Security teams also underestimate how quickly monitoring degrades when logs are incomplete or detached from the workload identity that generated them. When audit trails cannot prove which agent accessed what, during which task, and under which policy, the result is visibility theatre rather than control. That is why NHI lifecycle tracking matters alongside model telemetry, especially in environments with many ephemeral agents and rotating secrets.

In practice, monitoring breaks down most often in multi-agent systems with broad connectors, weak identity binding, and asynchronous tool execution because the system can no longer attribute a single risky action to a single policy decision.

Standards & Framework Alignment

This section maps relevant standards and security frameworks to the operational risks and controls described in this guidance.

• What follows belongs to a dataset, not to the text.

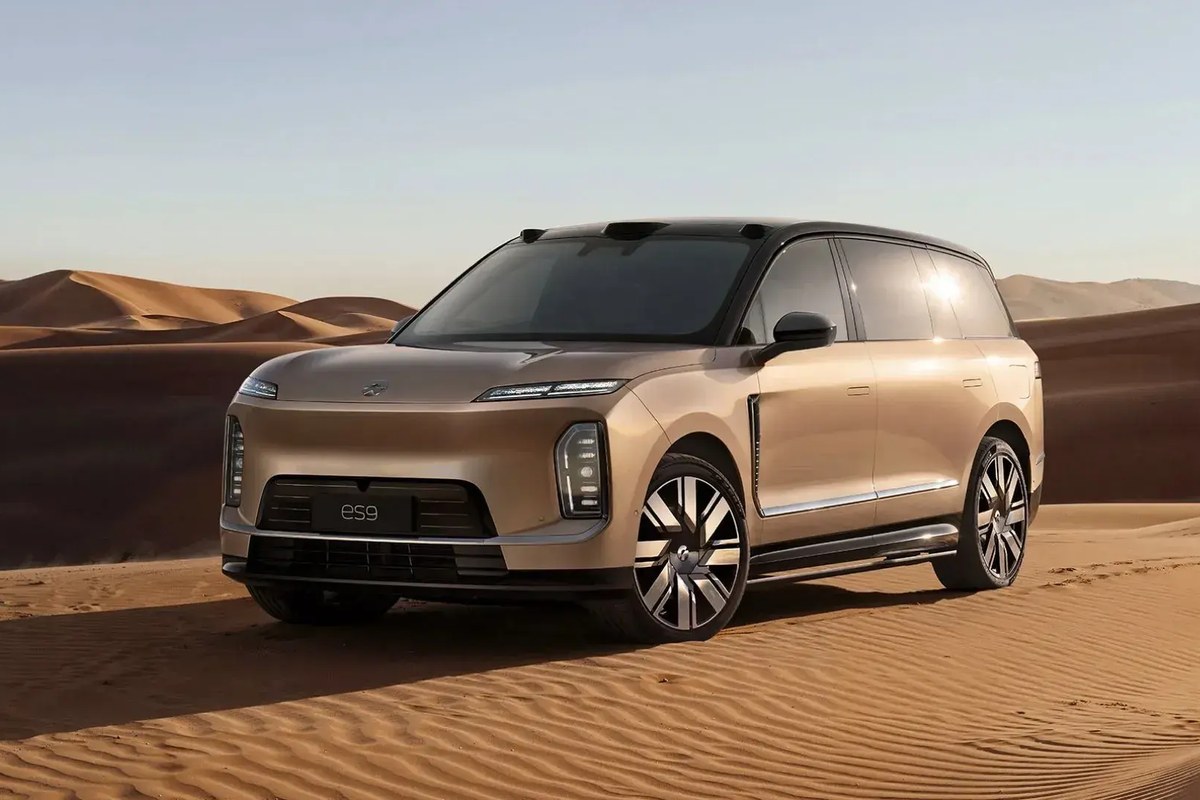 Nio ES9 parked on sand dunes, showcasing a sleek front design and large wheels.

OWASP Agentic AI Top 10 and CSA MAESTRO address the attack and risk surface, while NIST AI RMF set the governance and control requirements practitioners need to meet.

Framework Control / Reference Relevance
OWASP Agentic AI Top 10 A4 Monitoring must cover tool use and policy-violating agent actions.
CSA MAESTRO TRUST-03 MAESTRO focuses on runtime trust and contextual agent governance.
NIST AI RMF GOVERN AI RMF requires accountability, traceability, and risk ownership.

Log agent tool calls and block any runtime action that exceeds approved task scope.